A young pachyderm is Salt Lake City's first newborn baby elephant in more than 90 years and will be on display to the public beginning Friday at 9 a.m. at Hogle Zoo. The newborn's mom, Christie, delivered her first baby on Aug. 10 after a 22-month gestation.
Jeffrey D. Allred, Deseret News
When she was born nearly a month ago, the cute baby girl weighed in at 251 pounds and was 36 inches tall.
Since then, Hogle Zoo's new baby elephant has gained another 24 pounds and is an inch taller.
"She's a bundle of energy," Doug Tomkinson, Hogle Zoo's lead elephant keeper, said during a one-hour sneak peak of the baby pachyderm Tuesday.

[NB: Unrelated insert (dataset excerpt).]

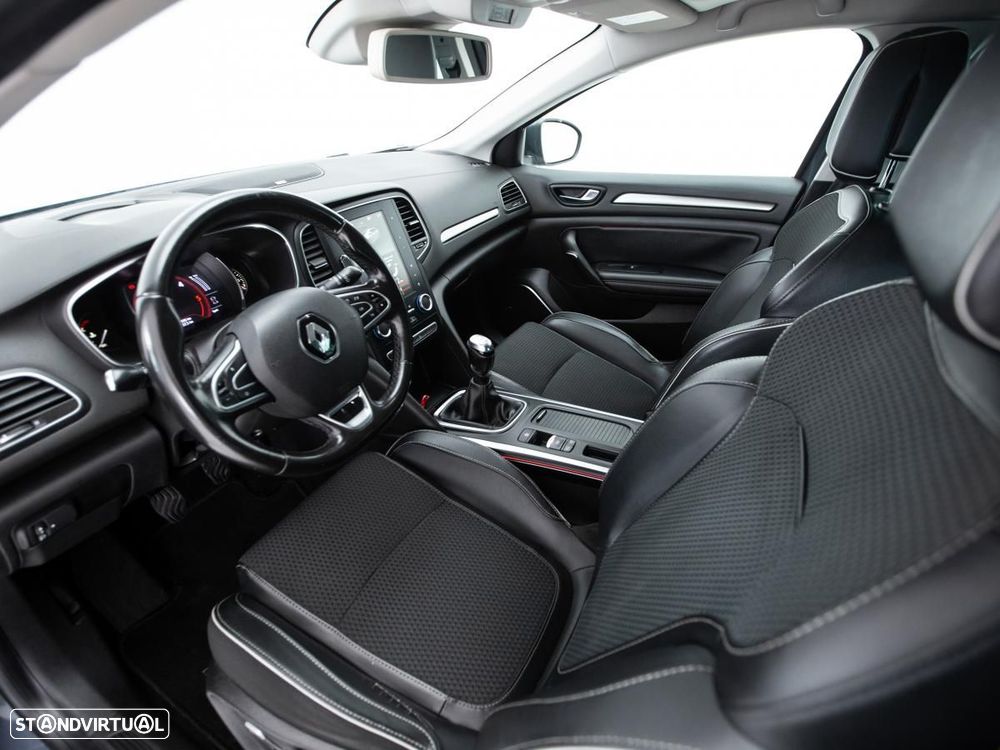 Renault Mégane - 7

The baby rambled around her enclosure on somewhat unsteady legs, sometimes appearing to take a run at the fence — just to test if it's still there.

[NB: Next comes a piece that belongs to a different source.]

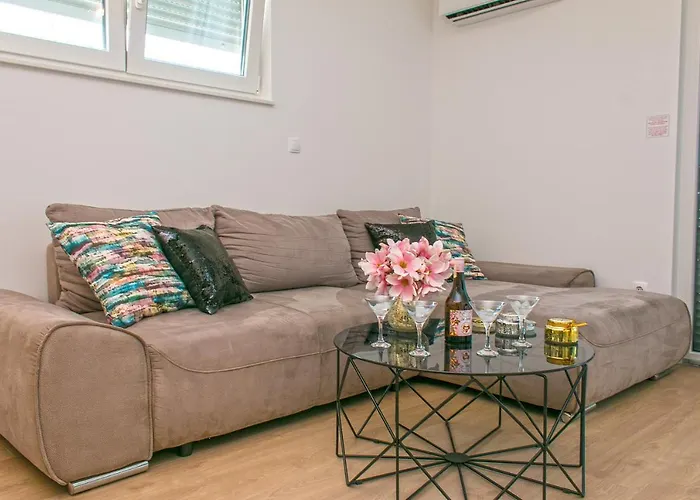 Blue Paradise Apartment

"She's not shy," Tomkinson said.
Later, she frolicked in the mud with her mother to cool off, and even helped splatter mud on some photographers within range.

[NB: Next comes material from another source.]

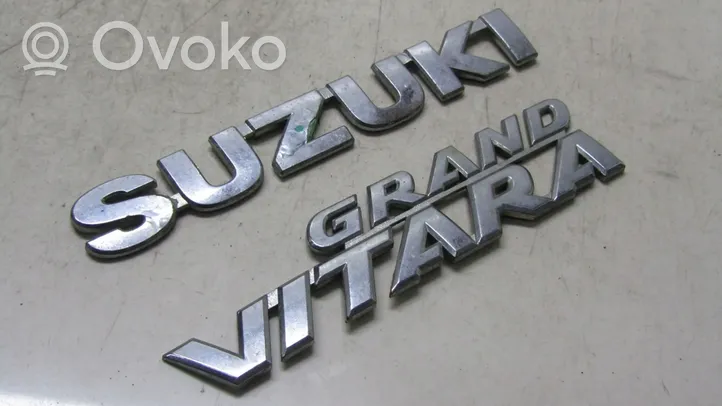 Suzuki Grand Vitara II Logo, emblème de fabricant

"This is their first time in the mud together," Tomkinson said of mother and baby.
She also tried to play with the large ball and barbell sitting around the yard.
This unnamed young pachyderm is Salt Lake City's first newborn baby elephant in more than 90 years, and she'll be on display to the public beginning Friday at 9 a.m.
Christie, a 7,900-pound African elephant at Hogle Zoo, delivered her first baby on Aug. 10 after a 22-month gestation.
"I think it's the coolest thing I've ever seen at the zoo," said Doug Lund, assistant zoo director over administration and finance, who has been at the zoo for 35 years. "That little elephant is really an awesome animal."
Hogle Zoo currently boasts a rare double honor. It has the oldest and youngest African elephants found in any U.S. zoo. Dari, 49, the matriarch of U.S. zoo elephants, arrived at the Hogle Zoo in 1967.
Tomkinson said Hogle Zoo has received a lot of well wishes from other zoos because of that double honor. He stressed it has taken a lot of hard work from the zoo's staff to achieve that status.
"She's healthy," he said of the baby elephant. "We're still going to be concerned and keep watching her. … We've passed a lot of big hurdles."
Christie was artificially inseminated in October 2007 so that she and the baby would enjoy some warm weather upon delivery in the summer of 2009. African elephants carry their offspring 20 months to 22 months, the longest of any land mammal.